◆ ABOUT THIS EXERCISE: The lines below starting at the line containing "Ivory Elephant Keepsake Vase" and ending at the line containing "Beaded Flower brooch" are to be repeated exactly, with both ends kept and nothing else added.

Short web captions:
- Opening Delimiter -
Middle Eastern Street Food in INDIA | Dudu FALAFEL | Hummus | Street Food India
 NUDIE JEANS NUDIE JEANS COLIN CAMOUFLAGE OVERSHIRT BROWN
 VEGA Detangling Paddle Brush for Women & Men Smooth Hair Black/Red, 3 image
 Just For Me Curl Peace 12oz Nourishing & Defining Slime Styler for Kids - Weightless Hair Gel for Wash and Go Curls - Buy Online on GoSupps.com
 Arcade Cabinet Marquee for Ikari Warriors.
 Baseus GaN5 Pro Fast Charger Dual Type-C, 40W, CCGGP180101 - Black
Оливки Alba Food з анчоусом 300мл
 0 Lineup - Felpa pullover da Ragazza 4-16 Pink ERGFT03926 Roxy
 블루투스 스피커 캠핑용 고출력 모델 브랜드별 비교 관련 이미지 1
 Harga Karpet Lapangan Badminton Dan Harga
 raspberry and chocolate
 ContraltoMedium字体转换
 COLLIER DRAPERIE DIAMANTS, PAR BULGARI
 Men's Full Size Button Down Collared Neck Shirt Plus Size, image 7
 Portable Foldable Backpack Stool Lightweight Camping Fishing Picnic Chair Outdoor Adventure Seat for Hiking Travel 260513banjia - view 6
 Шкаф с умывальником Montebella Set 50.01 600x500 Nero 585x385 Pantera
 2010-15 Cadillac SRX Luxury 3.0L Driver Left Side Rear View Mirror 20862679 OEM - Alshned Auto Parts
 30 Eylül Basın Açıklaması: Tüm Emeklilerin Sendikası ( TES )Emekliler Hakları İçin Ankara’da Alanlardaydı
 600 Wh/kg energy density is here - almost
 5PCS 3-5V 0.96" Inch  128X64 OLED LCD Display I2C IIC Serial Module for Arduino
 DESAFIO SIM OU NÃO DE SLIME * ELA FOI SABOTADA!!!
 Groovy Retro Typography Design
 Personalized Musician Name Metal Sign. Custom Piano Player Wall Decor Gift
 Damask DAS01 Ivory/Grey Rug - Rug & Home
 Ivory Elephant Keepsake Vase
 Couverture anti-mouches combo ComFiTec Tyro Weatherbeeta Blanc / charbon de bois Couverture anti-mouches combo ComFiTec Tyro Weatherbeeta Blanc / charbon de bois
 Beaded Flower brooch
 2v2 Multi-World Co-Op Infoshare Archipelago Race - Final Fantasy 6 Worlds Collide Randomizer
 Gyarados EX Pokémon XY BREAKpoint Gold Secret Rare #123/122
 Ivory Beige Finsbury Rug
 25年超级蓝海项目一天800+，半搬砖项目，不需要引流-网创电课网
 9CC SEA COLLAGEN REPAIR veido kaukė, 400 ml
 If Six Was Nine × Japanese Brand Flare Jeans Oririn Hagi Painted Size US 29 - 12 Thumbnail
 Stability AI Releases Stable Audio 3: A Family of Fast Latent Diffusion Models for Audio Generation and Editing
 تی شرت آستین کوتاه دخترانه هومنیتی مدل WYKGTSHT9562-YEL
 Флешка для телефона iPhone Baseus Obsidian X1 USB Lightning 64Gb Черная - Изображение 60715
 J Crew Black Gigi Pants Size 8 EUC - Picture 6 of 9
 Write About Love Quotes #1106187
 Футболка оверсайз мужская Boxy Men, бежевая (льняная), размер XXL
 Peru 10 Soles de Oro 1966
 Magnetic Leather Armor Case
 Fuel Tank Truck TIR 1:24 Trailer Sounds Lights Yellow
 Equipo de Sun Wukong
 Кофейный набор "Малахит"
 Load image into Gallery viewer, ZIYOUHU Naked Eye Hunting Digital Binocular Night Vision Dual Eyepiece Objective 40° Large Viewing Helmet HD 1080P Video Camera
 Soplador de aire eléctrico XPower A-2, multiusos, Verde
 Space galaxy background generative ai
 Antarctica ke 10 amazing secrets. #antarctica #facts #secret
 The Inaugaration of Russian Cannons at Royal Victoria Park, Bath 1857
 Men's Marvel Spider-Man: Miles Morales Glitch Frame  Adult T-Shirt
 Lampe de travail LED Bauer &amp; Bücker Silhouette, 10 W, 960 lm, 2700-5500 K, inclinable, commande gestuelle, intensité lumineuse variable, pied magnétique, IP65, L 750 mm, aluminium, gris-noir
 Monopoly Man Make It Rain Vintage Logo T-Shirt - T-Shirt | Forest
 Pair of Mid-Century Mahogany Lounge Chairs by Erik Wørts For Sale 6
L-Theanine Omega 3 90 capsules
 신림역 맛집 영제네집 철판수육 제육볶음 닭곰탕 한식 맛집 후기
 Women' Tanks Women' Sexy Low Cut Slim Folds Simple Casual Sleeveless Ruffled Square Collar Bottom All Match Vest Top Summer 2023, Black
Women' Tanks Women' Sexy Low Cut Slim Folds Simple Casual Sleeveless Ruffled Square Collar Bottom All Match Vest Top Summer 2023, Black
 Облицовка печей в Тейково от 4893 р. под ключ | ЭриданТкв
- Closing Delimiter -
◆ SOLUTION FOR THIS TASK:
 Ivory Elephant Keepsake Vase
 Couverture anti-mouches combo ComFiTec Tyro Weatherbeeta Blanc / charbon de bois Couverture anti-mouches combo ComFiTec Tyro Weatherbeeta Blanc / charbon de bois
 Beaded Flower brooch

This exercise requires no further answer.